Sanity Reigns at Pennsylvania Online Gambling Legislative Hearing
Serious discussion about the opportunities and potential perils surrounding the regulation of online gambling dominated the action at Thursday’s Pennsylvania state legislative hearing. The hearing, held before the Pennsylvania House Gaming Oversight Committee, stood in marked contrast to a recent and highly farcical US Congressional hearing on the same general topic, by calling a diverse and knowledgeable list of witnesses offering both social and technical viewpoints from all sides of the topic.
Thursday’s PA House hearing was held in conjunction with PA House Bill 649, one of three online gambling-related bills currently under consideration in the state. HB 649’s sponsor is PA state Rep. John Payne, who also chairs the Gaming Oversight committee before which yesterday’s hearing was held.
That Pennsylvania’s state legislators are serious about the possibility of formally regulating at least some forms of online gambling in the state was made clear by the witness list assembled for the hearing, which included the following:
- David Satz, Senior Vice President, Government Relations & Development at Caesars Entertainment Corporation;
- Chris Sheffield, Managing Director / Senior Vice President of Interactive Gaming at Penn National Gaming;
- Andy Abboud, Senior Vice President of Government Relations and Community Development.
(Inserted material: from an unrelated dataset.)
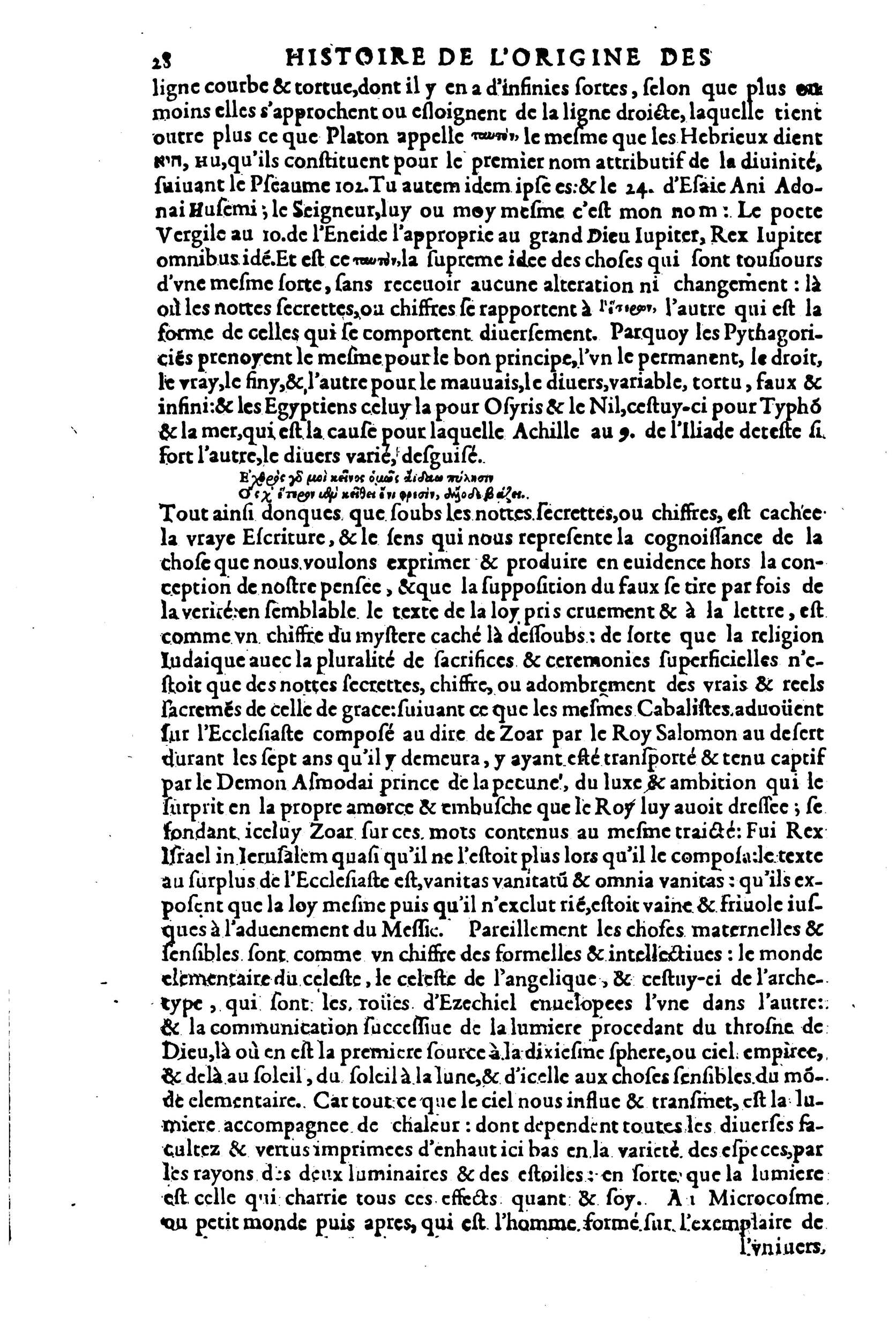 1619 - SHC - Trésor de l’histoire des langues de cet univers - BSB Munich 1619 - SHC - Trésor de l’histoire des langues de cet univers - BSB Munich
Las Vegas Sands Corp. (Abboud was the lone insane voice present at the hearing, both there as a representative of LV Sands’ interests in the state — LVS operates the Sands Bethlehem casino in eastern Pennsylvania — and to spout Sheldon Adelson’s anti-online gaming rhetoric, thereby providing comic relief to the proceedings;)
- Michael Pollock, Managing Director Spectrum Gaming Group; Spectrum is a casino and business consulting firm from New Jersey with experience and insight into that site’s regulated online-gambling experiences;
- Kevin Mullaly, Vice President of Government Relations for Gaming Laboratories International, which provides certification and testing services for online-gaming operations;
- Lindsay Slader, Operations Manager, GeoComply, a leading geo-location technology firm. Slader was on hand to provide technical expertise and refute anti-gambling myths that online locations cannot be tracked with precision.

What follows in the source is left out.